On Jan. 31, 2023, the Cincinnati Rollergirls sent an email to Cincinnati Recreation Commission Director Daniel Betts, Mayor Aftab Pureval and members of Cincinnati City Council in support of building a larger, dedicated roller skating rink inside the redeveloped Over-the-Rhine Recreation Center. Read it below.

Dear Mr. Betts, Mayor Pureval and members of Cincinnati City Council:

My name is Lauren Bishop and I am the owner of the Cincinnati Rollergirls, Cincinnati’s amateur flat-track roller derby team. I am writing to express our team’s support not just for keeping a roller skating rink inside the Over-the-Rhine Recreation Center, but for building a larger rink purpose-built for roller skating when the rec center is redeveloped.

The OTR rink is just one of two remaining rinks inside the city limits, with the other being the small rink inside the Winton Hills Recreation Center. Since our team’s founding in 2006, we have watched at least five rinks close their doors, including the Fun Factory in Norwood, Western Rollarama in Green Township, Skatetown USA in West Chester, Tri-Skateland in Fairfield, and the Florence Fundome in Florence.
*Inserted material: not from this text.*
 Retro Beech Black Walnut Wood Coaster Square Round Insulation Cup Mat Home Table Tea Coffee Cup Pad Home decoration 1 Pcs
While suburban rinks including The Place in Colerain Township, Castle Skateland in Loveland and Beechmont Rollarena in Anderson Township are still thriving, there is a large and diverse market that could be served by a skating rink in the heart of OTR. As reported in a recent WVXU story, many older neighborhood residents have fond memories of skating at the OTR rink — once known as “The Hub” — in the 1970s. But many others in the neighborhood and beyond didn’t even know the rink existed until recent events and publicity from Skate Downtown Cincy and Cincinnati Skate Collective.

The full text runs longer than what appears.